With the Maxon AD-9, you get a warm, rich, vintage-sounding delay with excellent construction, including true bypass.
It’s a matter of simple history that the best effects pedals ever made with the Ibanez name on them were never made by Ibanez. They were actually made by a then lesser-known company called Maxon, who continued to make Ibanez pedals up until a few years ago when Maxon decided it would be best to produce pedals under their own name. Following a “quality over quantity” philosophy, the company has “reissued” several formerly Ibanez-branded pedals with significant upgrades, including top-of-the-line components and true bypass switching. One of these newly reissued products is an old favorite, the AD-9 Analog Delay, now known as the AD-9 Pro.
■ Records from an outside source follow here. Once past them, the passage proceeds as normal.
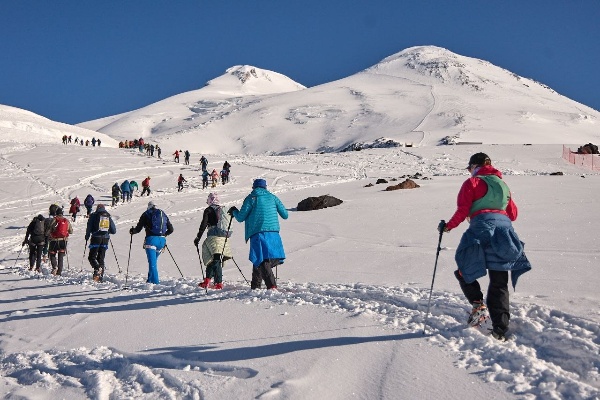 Со 2 по 8 мая на «Эльбрусе» пройдёт фестиваль Red Fox Elbrus Race 2026, 17-й по счёту. 

3 мая состоится индивидуальная гонка по ски-альпинизму. Этот вид спорта дебютировал на Зимней Олимпиаде 2026, где Никита Филиппов — постоянный участник Red Fox Elbrus Race — взял серебро в спринте. Забег на «Эльбрусе» станет заключительным этапом Кубка России и мощным итогом сезона для профессиональных спортсменов.

5 мая — гонка «вертикальный километр», с 2450 до 3450 м. Самый массовый забег фестиваля, этап Кубка России. Скайраннеры должны уложиться в 2 часа. 

7 мая — гонка «скай-марафон», забег на Западную вершину Эльбруса (5642 м). Пройдёт в двух версиях: с поляны Азау (2350 м) и с приюта «Бочки» (3750 м).

Среди участников — представители сборных, победители чемпионатов страны и этапов Кубка мира. Также в рамках общего зачёта могут участвовать спортсмены с любым опытом — во всех трёх стартах.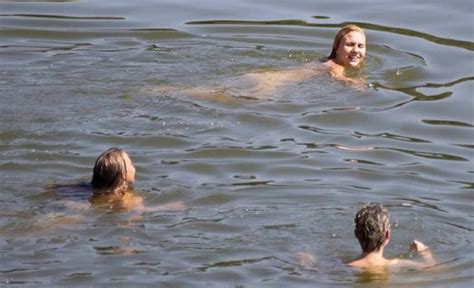 Turiste Fanno Il Bagno Nude In Arno TristeMondo It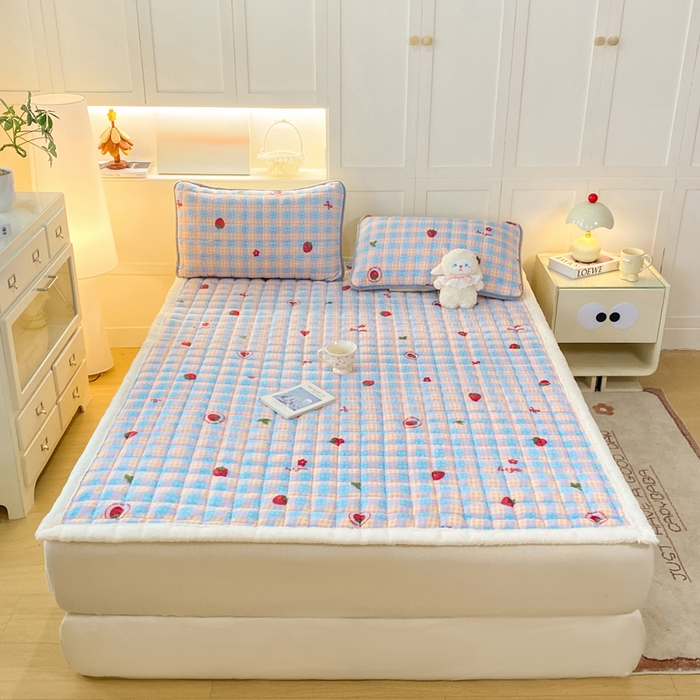 91家纺网 家纺一手货源 找家纺 欧妮家纺 2025新款A类牛奶绒床垫床褥子软垫 暖绒-草莓软心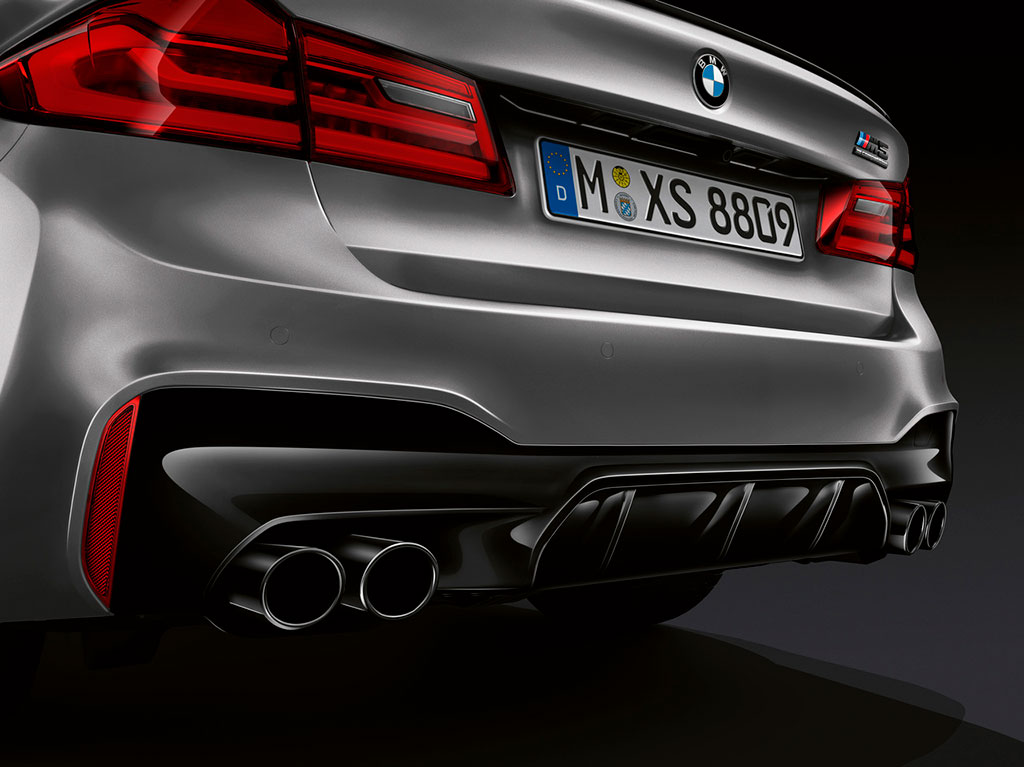 Вконец озверевший суперседан BMW M5 выходит на охоту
Having played through a number of recent Ibanez AD-9 delays that were, well, less-than-inspiring, I was curious what Maxon would do to win me over. In addition to true bypass switching and upgraded components, the Maxon offers increased delay time (nearly 500 ms) as well as improved headroom and dynamic range. The result is a warm, rich analog delay without any of the fuzziness sometimes associated with analog. Especially cool is the top-mounted function switch that lets you choose between “Single Head” and “Dual Head” mode, the former being just a standard analog delay whereas the latter offers simulation of a multi-head tape echo. The “Dual Head” mode allows some nice ping-pong delay sounds as well as ambient delays. It’s a mode the Edge would be proud of.
I tested the AD-9 with a Carr Rambler and a few overdrive pedals, and was very impressed with the pedal’s richness and quietness. It’s not cheap for an analog delay, but it also doesn’t have any of the issues with older units or unreliable tape echoes. For the price, you get a warm, rich, vintage-sounding delay with excellent construction, including true bypass.